De llevar la imaginación al límite mismo de lo imposible, quizá conseguiríamos un fiel retrato robot de la fisonomía que tendría hoy Jim Morrison (Melbourne, Florida, 1943-París, 1971). ¿Robot? Quizá con la inteligencia artificial resultaría muy fácil poner canas a un pelo que no sabemos si se habría caído y arrugas a una cara que quizá tuviera sorprendente parecido al que hoy luce Kris Kristofferson. Ni tan mal, que se diría ahora.
Jim Morrison, el gran rebelde del rock, producto cultural y sociológico de los sesenta junto a nombres como Janis Joplin o Jimi Hendrix, fue algo más que la cara y la voz de los Doors, grupo de inspirados y cultos músicos como Ray Manzareck (teclados), Robbie Krieger (guitarra) y Johns Densmore (batería) que dieron posiblemente los temas más hondos de aquella convulsa época.
Alberto Manzano, en su impagable Cuando la música acabe apaga las luces (Cúpula) señala sobre sus influencias que el cerebro de Morrison era un hormiguero de ideas: "La noción romántica de la poesía inglesa toma posiciones, la tragedia predestinada de los filósofos griegos se enrosca en circunvalaciones cerebrales, la locura, la adicción a las drogas y el alcoholismo de sus héroes poéticos -Charles Baudelaire, Dylan Thomas, Brendan Behan, Arthur Rimbaud-, el análisis de Nietzsche sobre las actitudes morales hacia la vida, el nihilismo de Schopenhauer, la rebeldía de los poetas beat".
Cuanto más veía y experimentaba, según Alberto Manzano, más escribía; y cuanto más escribía, más parecía comprender
En definitiva, concluye Manzano, todos aquellos escritores e intelectuales, surgidos de las generaciones de posguerra, que promovieron una revolución cultural en la que Rimbaud y Blake eran indispensables: "Todas esas páginas se convierten en un espejo donde Morrison se ve reflejado. Y se está convirtiendo en un escritor. Sigue leyendo cualquier cosa que cae en sus manos de los beatniks, a los que ahora se suman William Burroughs, Kenneth Patchen y Michael McClure. Exprime la obra de mentes desafiantes". Cuanto más veía y experimentaba, añade el autor de Aleluya, más escribía; y cuanto más escribía, más parecía comprender.
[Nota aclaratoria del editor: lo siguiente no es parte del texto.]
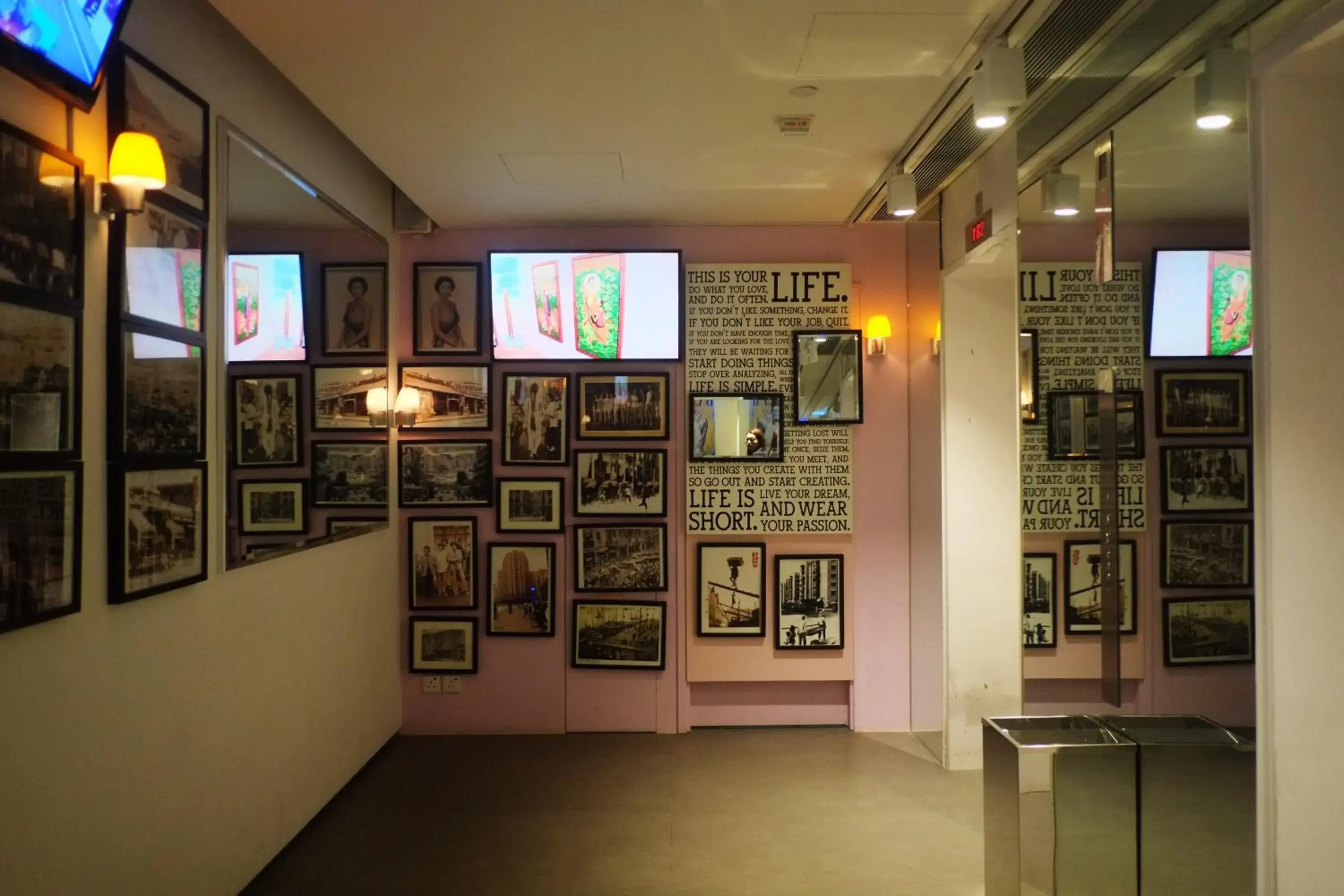 Lobby or reception in Mini Hotel Causeway Bay Lobby or reception in Mini Hotel Causeway Bay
Si salieron o no aquellas letras de la psicodelia o de las rutas lisérgicas del ácido poco importa. Light My Fire, Strange Days, When the Music’s Over, Break On Through (To The Other Side, Alabama Song, The End, Spanish Caravan, Summer’s Amost Gone, L. A. Woman, Riders On the Storm o An American Prayer son un testimonio del íntimo alcance que tenía aquella actitud inconformista que simbolizaba Jim Morrison a través de una música que hilvanaba el blues y el jazz con el rock que en aquellos momentos cruzaba sin frenos la Ruta 66.
"Me gusta cantar blues -reconocería Morrison-, esos desmadres largos y sin bridas que no tienen ni principio ni final concreto. El blues crea una atmósfera especial en la que puedo improvisar a mi aire. Prefiero este tipo de música a una auténtica canción".
[Jim Morrison, la celebración del Rey Lagarto]
Jim Morrison dejó un bonito cadáver y la duda de cómo sería su aspecto con 80 años. Gracias a la longevidad de Kristofferson, insistimos gracias a su parecido, el algoritmo se nos antoja un artificio innecesario. Nos resulta más práctico recurrir a la genética del músico y actor de Texas para saber la dignidad con la que estaría en este mundo el bueno de Morrison si no se hubiera ido a París a morir en una bañera buscando a su pareja Pamela Courson, la “señora Morrison”, como le gustaba llamarse. “Fiel a su propio espíritu”, se lee en su siempre concurrida tumba del cementerio de Père-Lachaise.
Creemos que no habría otra leyenda mejor para recordar a un “octogenario” Jim Morrison, seguramente ajeno ya a la lejana revolución que inició en aquellos años en los que Venice Beach (California) se convirtió en la tierra prometida.